Some levels are misleading. Sometimes you're told that you're sitting in a class of geniuses yet who seem to lack knowledge of the basics in math and science, or languages. Other times you're told that you have a special needs class yet they seem to excel at science, math and languages. So the idea is you want to test them using three or four different methods: first, a free conversation about the topic. You want to see what the natural propensity is for the students to comfortably discuss math or science concepts, or to be able to use a foreign language. Then you want them to be able to write a broad essay in math or science, or in the language they are studying. You want them to give their opinion on the subject, but also the reveal how much they know about the subject. Those are tests of fluency. Then you want to test accuracy, that is whether they recall the different formulas and are able to use them accurately. Finally you want to test induction and deduction, that is whether they are able to deduct concepts from other concepts. The whole testing period should take one or two, if not three weeks.

During that two or three week period you also want to get an idea of the needs of the students. Now I'm not an idiot. Bullying is common in the world of education, and in some cases if students reveal their needs some nutty professors or teachers will do everything they can to sabotage them. I've worked with such teachers and professors all my life. But if you're a teacher or an academic leader with the best intentions for your students, you want to know what their needs are when it comes to studying math, science or languages. Needs include immediate needs and future needs. Immediate needs include perhaps a project the student is currently working on, a future need usually includes a professional or social need. Either way if the students don't feel the need to study the subject, you need to create a need for them. Either by suggesting professional paths, or suggesting areas of application of the subject which could be of interest for the students.

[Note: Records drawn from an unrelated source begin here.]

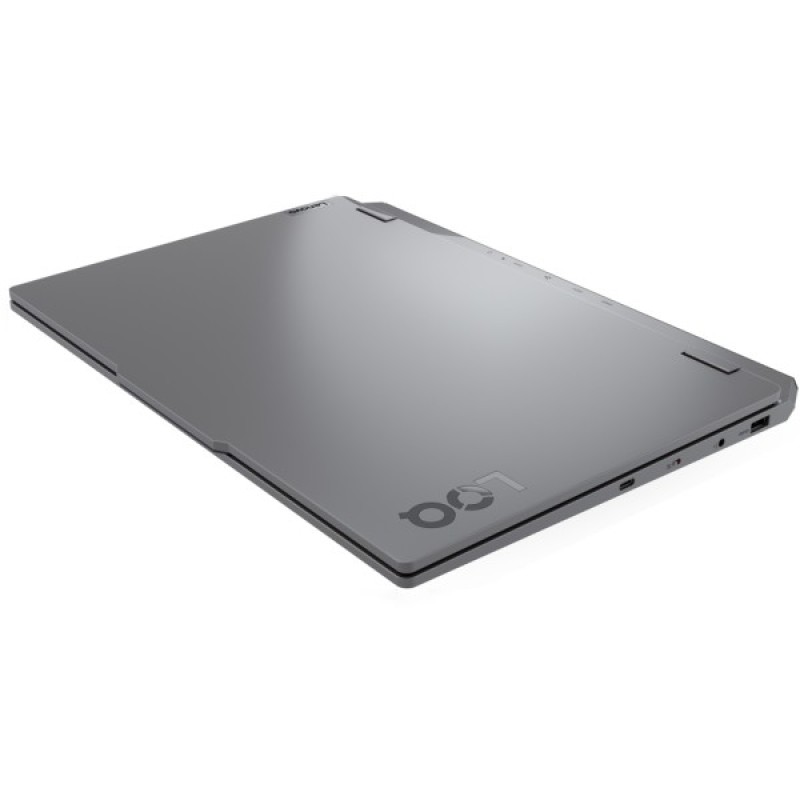 Ноутбук Lenovo LOQ 15IAX9 (83DV00GVRA)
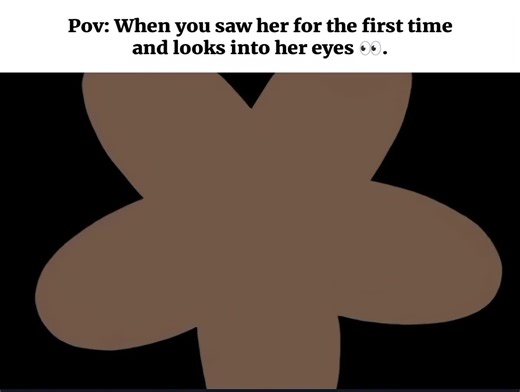 "Mujhko basa le inme tuuu.....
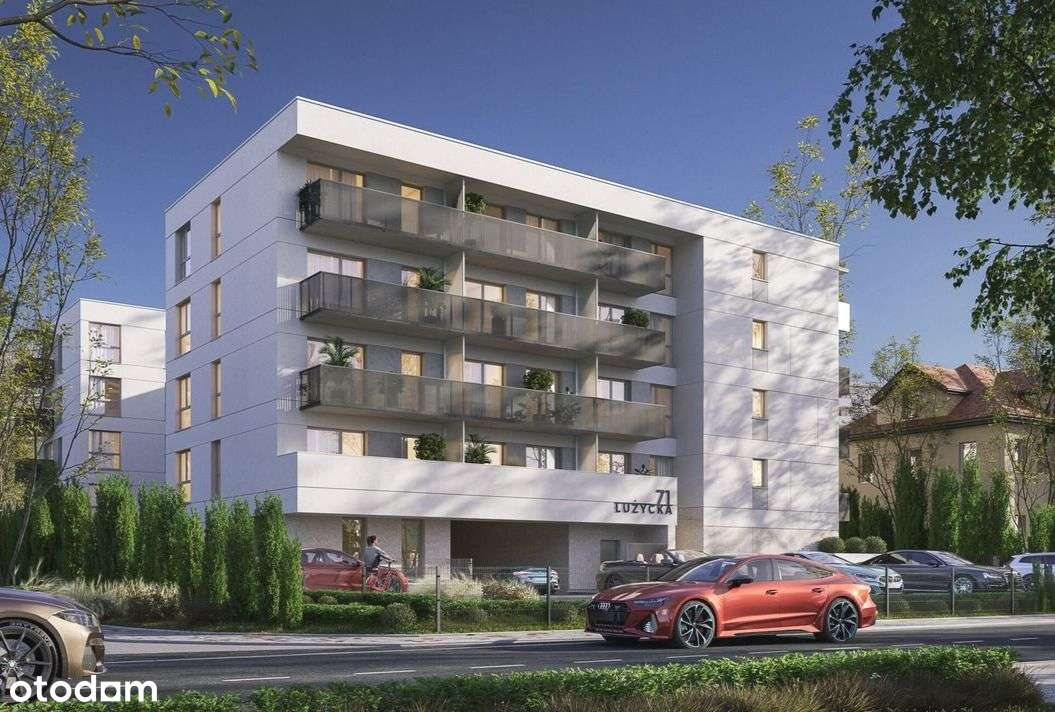 deweloperskie | balkon | potencjał inwestycyjny-2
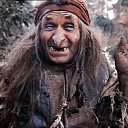 � ���� ����-���, �/� �������� �� ������� �������� ��������� ������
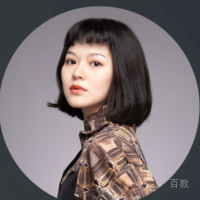 张老师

So the idea is the first two or three weeks of class you want to know what your students' level is, what their needs are, and you want to test that both formally and informally. If they don't have concrete needs you want to suggest concrete needs or concrete applications of the materials that will be studied during the period. You then want to think about whether the material you teach will be notional or functional, that is whether you are giving them a series of facts or whether you are trying to get them to apply those facts in the real world.

An example of notional knowledge in language learning is studying a list of vocabulary words or a list of grammar patterns. An example of functional applications in language learning is to have an actual conversation in the target language with them. I know that in language learning the approach tends to be role-playing and pair-work where the students make actual use of the language. But you also want to mix formal exercises with informal ones, that is have them use the language in unnatural settings but also in natural settings. An example of exercise could be one where you, the teacher, says “imagine I come from the country of the target language and only speak the target language, now teach me about your country or about the host country.” In other words if you're teaching Spanish to native English speakers, you want to ask them to imagine that you came from Spain and that you want them to teach you, in Spanish, how things work in the host country, say in the United States.

In math, the idea of notional learning is to give students formulas and their applications. A functional approach would be to give them exercises where they have to make functional use of the formulas. In calculus and arithmetic you could play games where students have to imagine that they are accountants and have to solve all sorts of problems to make sure the money comes in and everyone gets paid. In geometry, you could have them imagine that they have to build something and guess the correct measurements. In algorithms, you can have them design simple programs for which they will have to create algorithms. Of course, discussions of how they came up with the solutions can be useful, because in the future they will have to explain to their boss or clients how they came up with the solutions and will have to teach them how to make continuous use of the product.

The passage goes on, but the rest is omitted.